* Work request
Transcribe every entry word for word.

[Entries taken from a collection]
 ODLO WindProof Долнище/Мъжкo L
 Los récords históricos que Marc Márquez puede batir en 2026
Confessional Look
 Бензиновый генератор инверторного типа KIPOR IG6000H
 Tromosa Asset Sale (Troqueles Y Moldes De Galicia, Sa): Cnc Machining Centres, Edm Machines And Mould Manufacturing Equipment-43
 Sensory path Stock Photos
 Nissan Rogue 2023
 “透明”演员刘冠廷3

* Expected answer
 ODLO WindProof Долнище/Мъжкo L
 Los récords históricos que Marc Márquez puede batir en 2026
Confessional Look
 Бензиновый генератор инверторного типа KIPOR IG6000H
 Tromosa Asset Sale (Troqueles Y Moldes De Galicia, Sa): Cnc Machining Centres, Edm Machines And Mould Manufacturing Equipment-43
 Sensory path Stock Photos
 Nissan Rogue 2023
 “透明”演员刘冠廷3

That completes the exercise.